● Material for this task

+ + + +

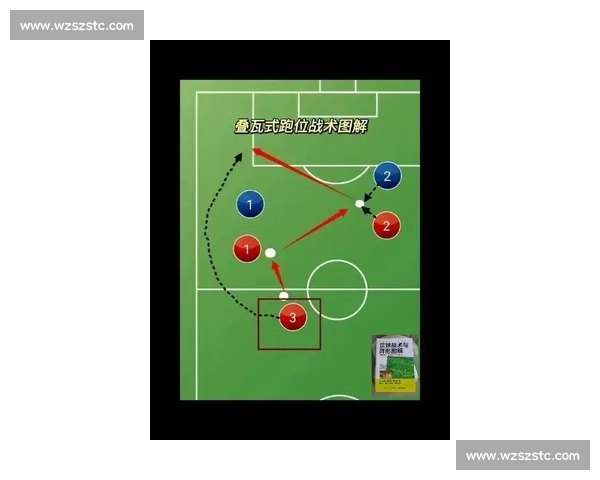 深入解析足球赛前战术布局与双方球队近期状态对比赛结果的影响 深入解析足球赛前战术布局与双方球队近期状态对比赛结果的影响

+ + + +

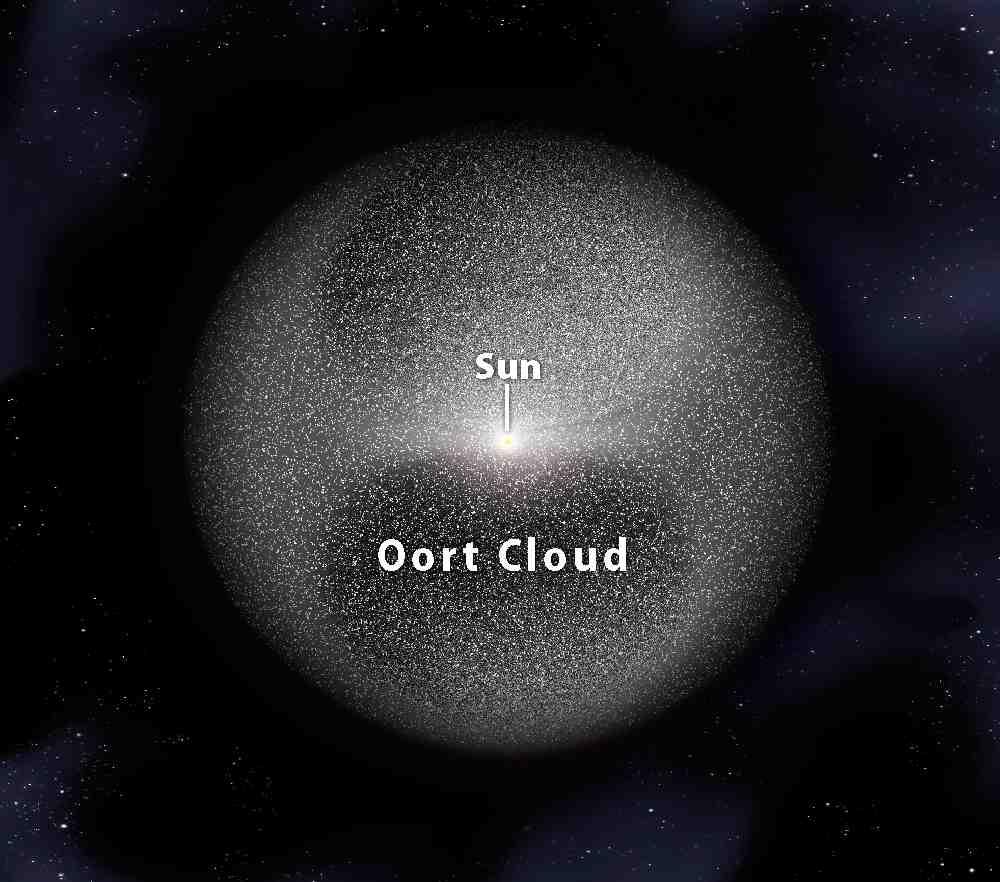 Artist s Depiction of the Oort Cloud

+ + + +

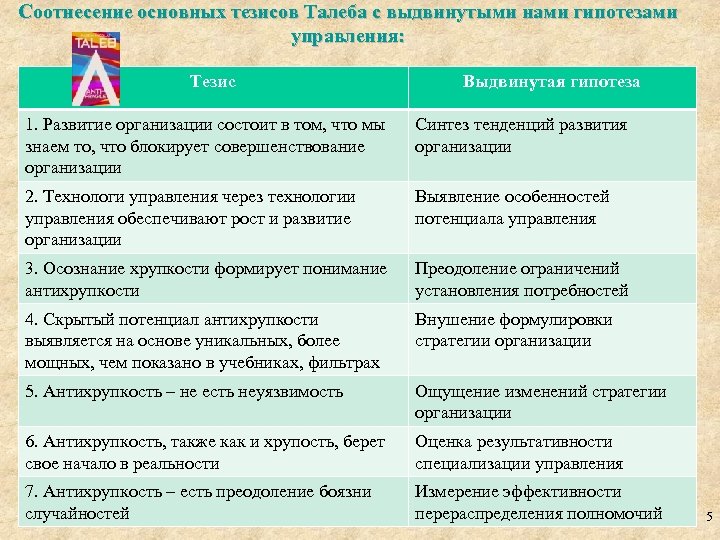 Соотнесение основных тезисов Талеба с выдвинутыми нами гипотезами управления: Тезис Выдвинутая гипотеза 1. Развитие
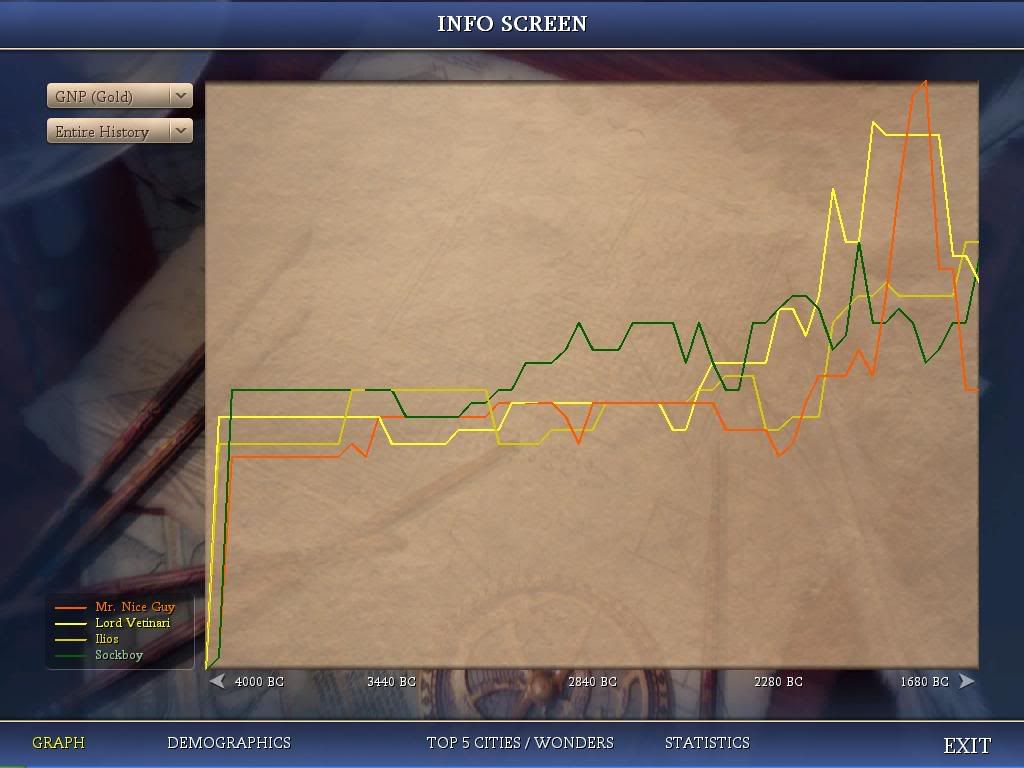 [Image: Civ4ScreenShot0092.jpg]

+ + + +

● Task directions
Print from the line containing "Соотнесение основных тезисов" through the line containing "[Image: Civ4ScreenShot0092.jpg]" in the data above, exactly as the lines stand, and omit every picture.

● Response to the exercise
 Соотнесение основных тезисов Талеба с выдвинутыми нами гипотезами управления: Тезис Выдвинутая гипотеза 1. Развитие
 [Image: Civ4ScreenShot0092.jpg]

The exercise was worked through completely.